16~17 Side Akito 01話

『翠葉です』

 部屋に響いた彼女の声がいつもと違った。

 いつもなら、申し訳なさや不満といった声音が含まれるのに、今日はどこか清々しささえ感じる。

 不思議に思いつつドアを開けると、嬉しそうな顔をした彼女が立っていた。

「いらっしゃい」と中へ入れると、

「秋斗さん、聞いてくださいっ!」

 俺が訊くまでもなく話してくれるようだ。

「何かいいことあった?」

 訊けば、入ってきたときより嬉しそうに笑みを見せた。

 こんなに嬉しそうに笑う彼女を見たのはどのくらい久しぶりだろう。

 授業が終わると、楽しそうに笑いながら海斗たちとテラスを歩いて図書棟へ来る。その姿をこの部屋からいつも見ていたけれど、今の笑顔とは別のもの。

 彼女が頬を紅潮させるほどに嬉しいことってなんだろう……?

 その血色の良さは薬の効果?

 翠葉ちゃん……君がみんなと図書室に来たあと、「お水を買いに行く」という口実で再度外に出て、自販機でミネラルウォーターを買ってすぐにあるものを飲んでいること、俺も湊ちゃんも気づいているんだよ。

 君はきっと誰にも気づかれていないと思っているんだろうね。

 最初は頓服薬でも飲んでいるのだろうと思った。「違う」と知らせたのは彼女のバイタル。

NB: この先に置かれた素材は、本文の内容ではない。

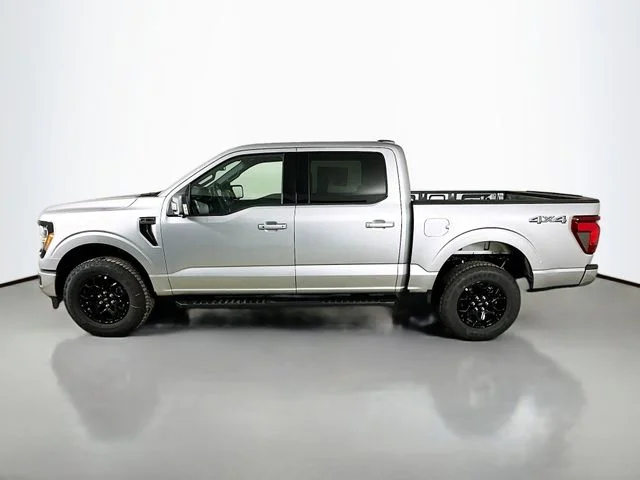 New 2026 Iconic Silver Metallic Ford XLT image 4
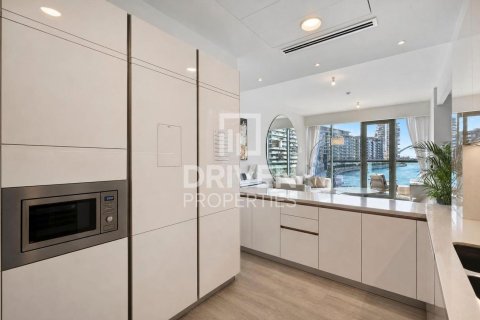 Apartamento en Al Wasl, Dubai, 2 dormitorios, 145.21 m², № 140236 - foto 13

 その数値変動は以前に一度だけ見たことのあるものだった。

 俺と藤山でデートする日の朝に見たものと同じ。

 つまり、彼女が滋養強壮剤なるものを飲んでいるということ。

 テスト最終日の火曜日には、数値の変動もなければ彼女が図書室を出てミネラルウォーターを買いに行くこともなかった。

 その行動を取り始めたのは水曜日から。

 夕方に必ず休憩を入れろ、と湊ちゃんに言われたあとからだ。

 その翌日には服用を開始し、「眠れないから休みたくない」と噛み付いた。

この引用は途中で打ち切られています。